Bugzilla – Bug 5617
GRAM4 seg hangs with fork jobs
Last modified: 2008-07-18 14:11:38
You need to log in before you can comment on or make changes to this bug.
SEG hangs when the logfile, globus-fork.log, is on NFS. I traced this down to the "fork_starter.c" code. Specifically, the permission of this file is set to 622. The open/write c-code in "fork_starter.c" has a do-while loop over "fcntl" function (see below).
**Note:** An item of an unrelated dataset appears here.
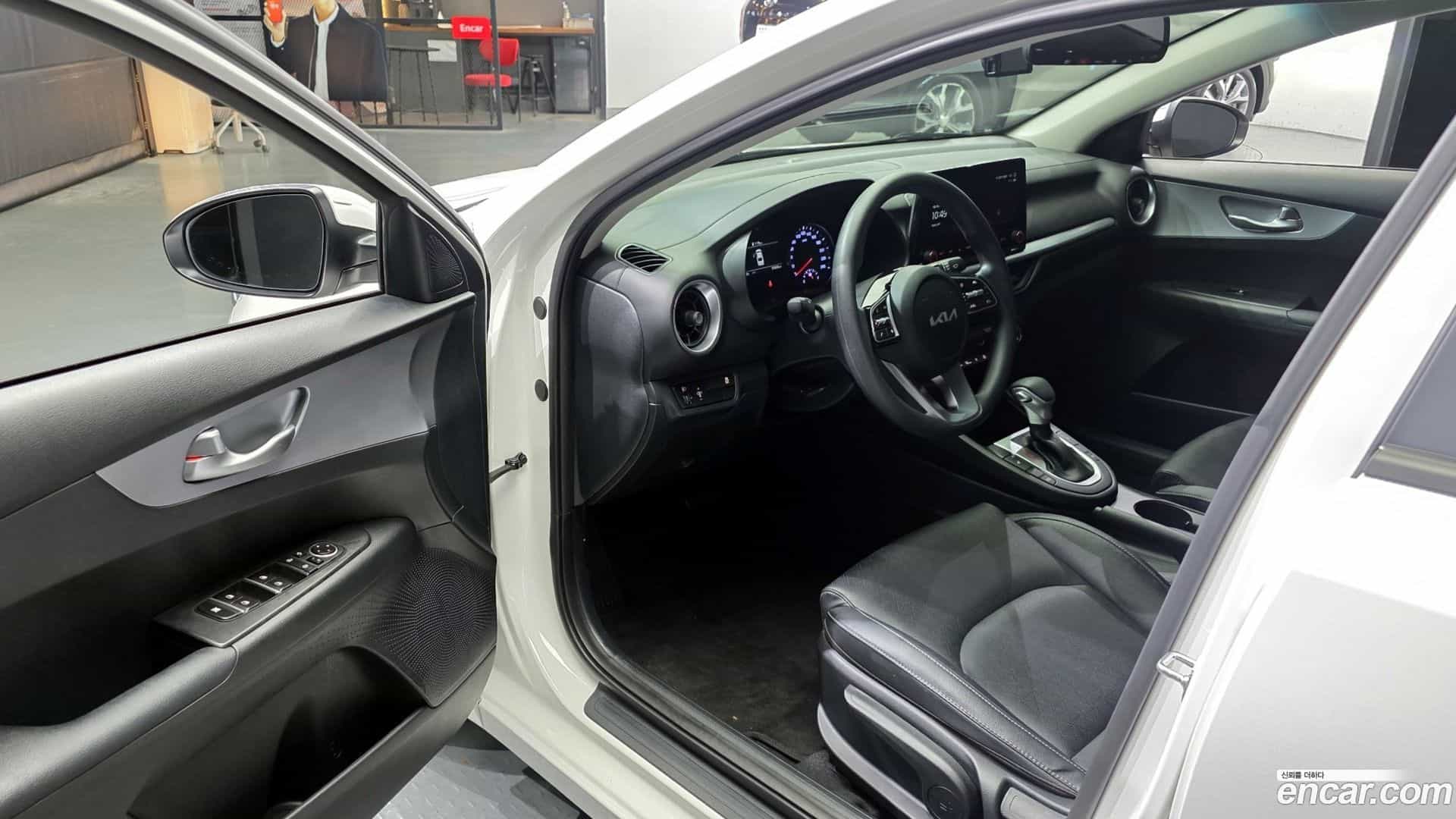 K3 Kia 2023.11-INNER-010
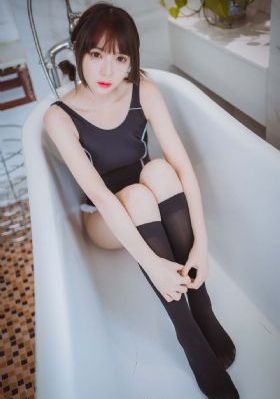 大胸莹莹被老头糟蹋一言不发_日本电影视频网址大全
If file is mounted on NFS, rc returns as '-1' and errno as 11 (EAGAIN) because it cannot get a write-lock over NFS. (Note, I am running rpc.rstatd on the system) This becomes an infinite loop as all subsequent calls to fcntl return the same result. If I change the file permission to '666', then it proceeds normally. Or if I ignore setting a write lock by changing the code (my simple test program) putting rc=0 into the EAGAIN case, it works fine. below is the loop. -Jeff do { rc = fcntl(logfd, F_SETLKW, &lock); if (rc < 0) { switch (errno) { case EACCES: case EAGAIN: rc = 1; break; case EBADF: globus_assert(errno != EBADF); break; case EDEADLK: globus_assert(errno != EDEADLK); break; case EFAULT: globus_assert(errno != EFAULT); break; case EINTR: rc = 1; break; } } } while (rc == 1);
*** Bug 5620 has been marked as a duplicate of this bug. ***
Thanks for the report Jeff. Joe is off til the end of the month, but we should be able to make this change for 4.0.6. -Stu
Jeff, Joe and I discussed this some. Seems this needs further investigation. I'm removing the 4.0.6 milestone. -Stu
I've put a new version of the globus fork starter in http://www-unix.mcs.anl.gov/~bester/patches/globus_fork_starter-0.4.tar.gz which should detect errors better in this situation better before the job is started and report them. I don't have access to a system that doesn't have working fnctl locks, so I can't verify that this catches errors properly. If this detects the problem for you, we can probably call that program in the setup package to check that the logging file will work in practice.
Any feedback on this patched version?
This fix is committed to 4.2 branch (for 4.2.1) and 4.0 branch (for 4.0.8) and trunk.